ところが彼はまるで一国の将軍とばかりに次々と技を覚えて強くなり、違った方向へ進んでいくのです。
それは都督からすれば思いも寄らぬことで、そんな影武者の行動が出過ぎた真似に見えたのでしょう。
しかし皮肉なことに彼は最後自分が王にしてみせたように腹心の部下であった影武者に裏切られました。
彼の人生は置かれた環境や立場がそうさせたとはいえ裏切りの人生であったといえます。
ラストで残された小艾がしたこと
壮絶な裏切りの末、小艾はおろか受け手すらも裏切る形で戦いは影武者の一人勝ちとなりました。

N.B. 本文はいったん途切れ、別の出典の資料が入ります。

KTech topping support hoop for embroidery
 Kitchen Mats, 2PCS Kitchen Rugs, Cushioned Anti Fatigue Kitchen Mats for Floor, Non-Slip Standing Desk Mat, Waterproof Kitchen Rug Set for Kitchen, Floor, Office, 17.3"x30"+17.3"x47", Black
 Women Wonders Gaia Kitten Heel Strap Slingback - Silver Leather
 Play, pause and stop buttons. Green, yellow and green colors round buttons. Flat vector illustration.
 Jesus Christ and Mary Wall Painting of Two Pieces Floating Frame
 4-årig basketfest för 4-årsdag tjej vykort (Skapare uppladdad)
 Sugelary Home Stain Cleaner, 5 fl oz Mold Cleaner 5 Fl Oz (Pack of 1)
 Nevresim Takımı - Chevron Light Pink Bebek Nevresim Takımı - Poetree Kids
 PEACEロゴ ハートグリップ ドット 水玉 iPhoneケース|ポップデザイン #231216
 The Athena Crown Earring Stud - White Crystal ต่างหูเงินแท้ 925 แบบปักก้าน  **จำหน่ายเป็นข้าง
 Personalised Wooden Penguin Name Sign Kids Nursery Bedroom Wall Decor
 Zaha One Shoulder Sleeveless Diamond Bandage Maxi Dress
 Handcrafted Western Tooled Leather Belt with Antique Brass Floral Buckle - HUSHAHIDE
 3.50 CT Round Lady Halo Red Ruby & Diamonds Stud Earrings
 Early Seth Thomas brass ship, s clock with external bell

ある意味王が約束した影武者と小艾の自由は解放されましたが、これは望んだことなのでしょうか?
ラストで残された彼女がしたことの意味を考察していきましょう。
扉に走り寄る
まず小艾がしたことは影武者が開けた扉に走り寄ることでした。
とはいえ彼女は最初からこれを望んだわけではなくあくまでも結果論でしかありません。
もし心底から望んでいれば影武者と共に喜んで将軍達の前に出ていたことでしょう。
しかし、彼女が影武者を心配したのはあくまでも死なないかどうかということだけでした。
決して影武者のことを心底から愛していたわけではなく、彼女の心はあくまで都督にあります。
故に彼女は気後れした形で彼についていくことになるのです。
扉の向こうへ行けない
しかしだからといって小艾はその扉の向こうへと乗り出していくことができません。
これが意味することは彼女が都督になりすました影武者を止められないということです。
まだまだこの時代は女性が権力を握っているわけではなく、彼女に国を動かす決定権はありません。
だから影武者が新たな王となることを彼女自身拒むことは出来ないのです。
時代の変わり目を目の当たりにしていながら何も出来ない無力さだけが募ります。
傍観者のまま
影武者の傍で身を震わせていた小艾は傍観者で居ることしか出来ないのです。
もし小艾が影武者が語った王と都督の殺し合いの真相を話せば只では済みません。
その時こそ彼女は影武者に刺されて一巻の終わりではないでしょうか。
全く嫌がっていなかったことから影武者の妻となることへの抵抗はないようです。
しかし、その為に王と都督を裏切って殺すことまでは想定していませんでした。
こうして彼女が傍観者になったことで真実は闇に葬られたのです。
影武者のその後
影武者は命辛々生き延び、自ら都督を名乗り出て遂に影武者ではなくなりました。
一見大団円のようですが、果たして彼のその後はどうなるのでしょうか?
あらすじを振り返りつつ彼の将来を考察していきましょう。
小艾を妻に娶る
まず最初に予想出来るのは小艾を妻に娶ることです。
これはずっと長い間思い人だったこともあり、ラストで彼女の腰に回した手が全てを物語っています。
小艾も憎からず思っていたようですし近い距離に居ましたから特に問題はないでしょう。